# [WHAT IS BEING ASKED]
Drop all pictures and repeat exactly the lines from the line holding "Foto: Zahlreiche farbige" through the end of the records.

Recorded data:
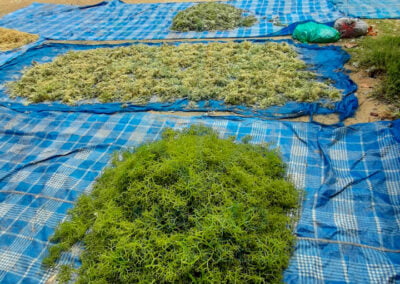 About kappaphycus alvarezii 13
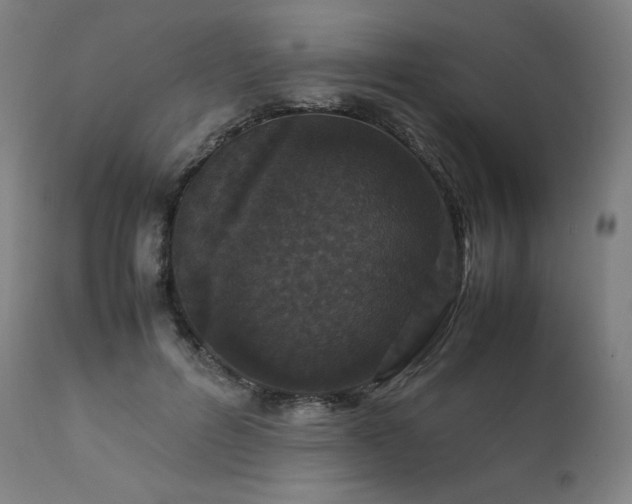 X0000111810600200907231236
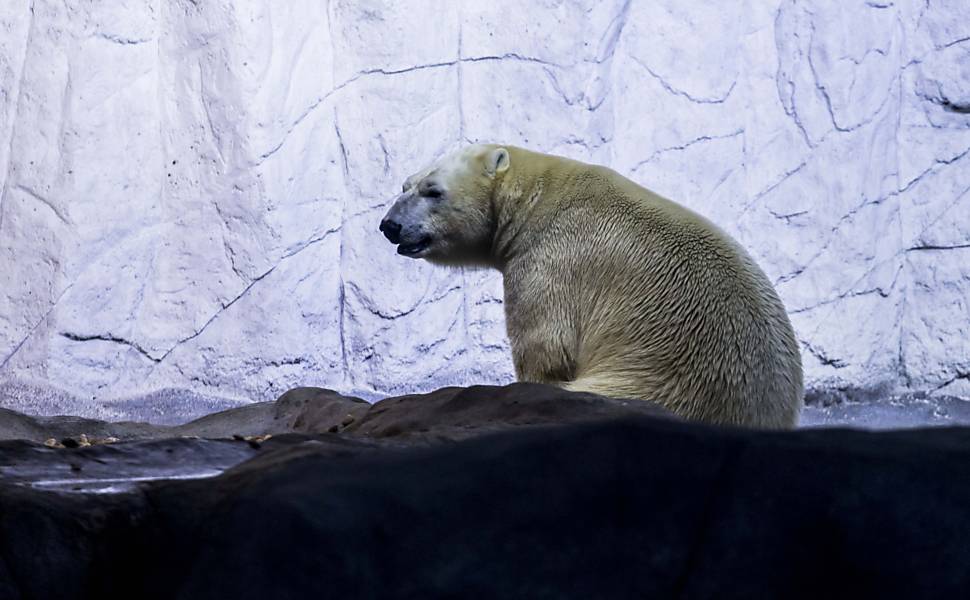 Urso polar do Aquário de São Paulo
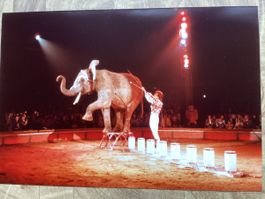 Circus Knie Foto 1983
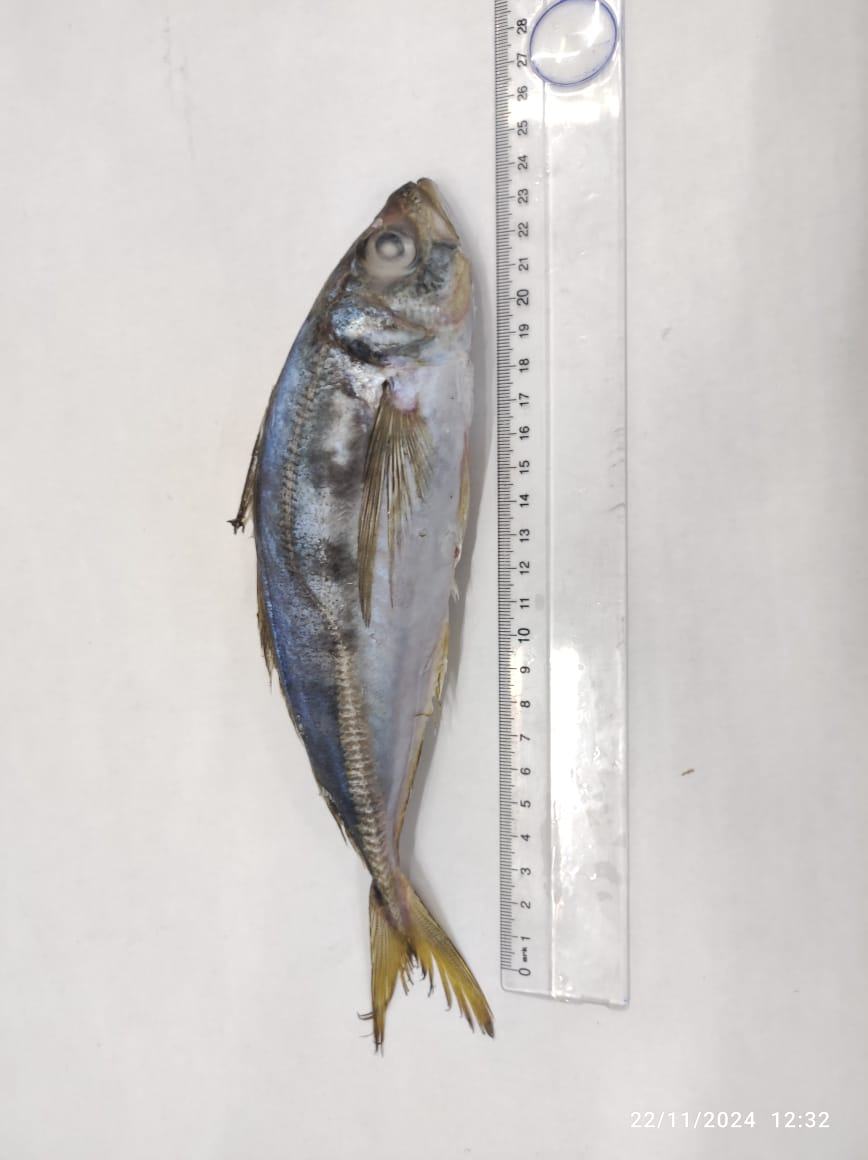 Chinchard — Entier, photo 3
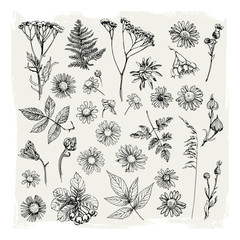 Set of illustrations of plants. Sketch. Freehand drawing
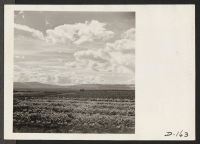 [recto] A view of the farm at this War Relocation Authority center. ;  Photographer: Stewart, Francis ;  Newell, California.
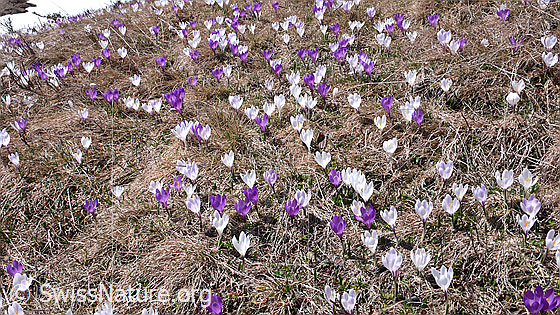 Foto: Zahlreiche farbige Krokusse künden den Frühling an.
Frühlings-Krokus
Lat.: Crocus albiflorus
Familie: Iridaceae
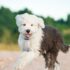 10 Best Raw Dog Food Brands for Poodles
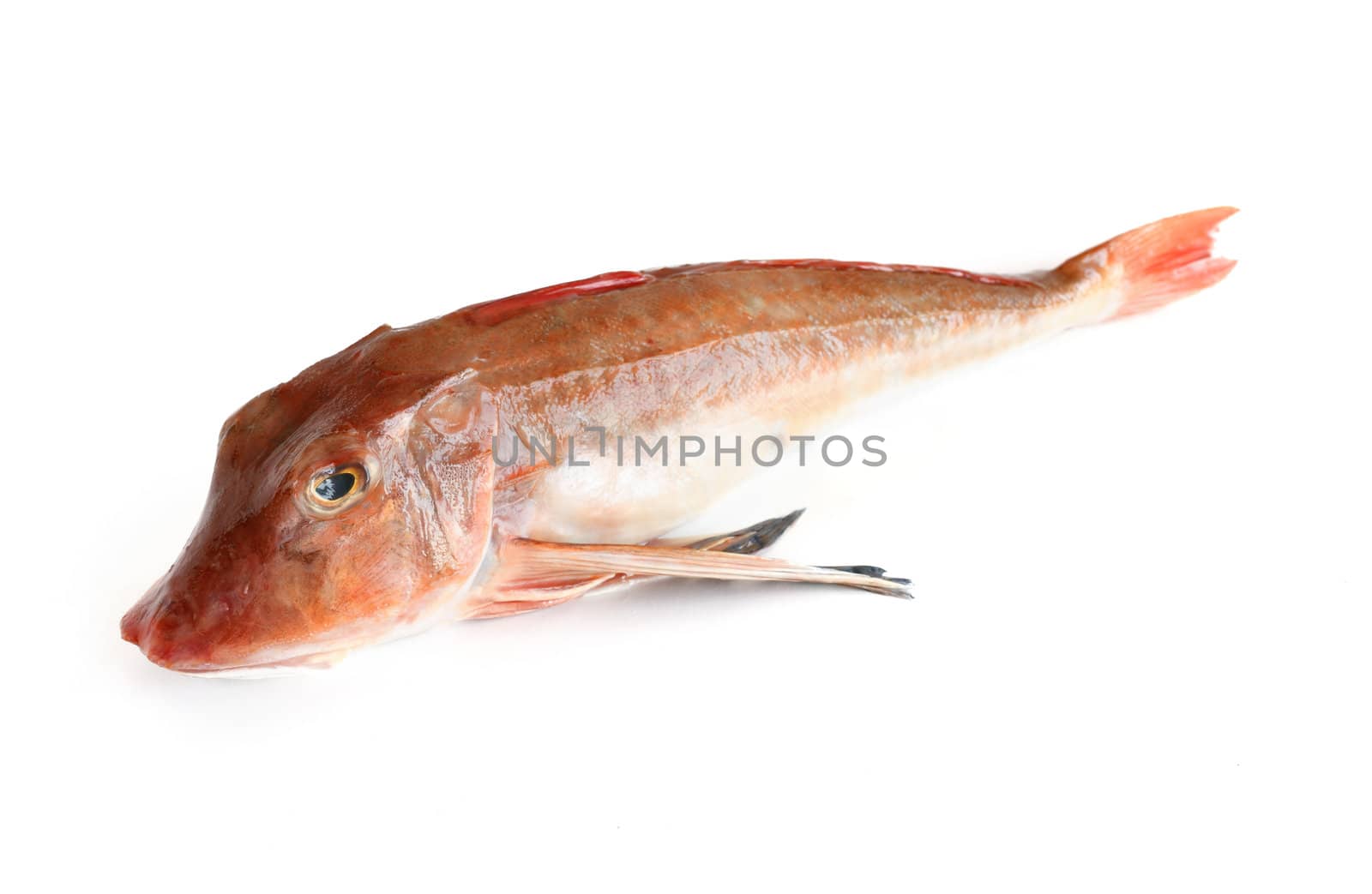 one fresh tub gurnard isolated on white background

# [YOUR SOLUTION]
 Foto: Zahlreiche farbige Krokusse künden den Frühling an.
Frühlings-Krokus
Lat.: Crocus albiflorus
Familie: Iridaceae
 10 Best Raw Dog Food Brands for Poodles
 one fresh tub gurnard isolated on white background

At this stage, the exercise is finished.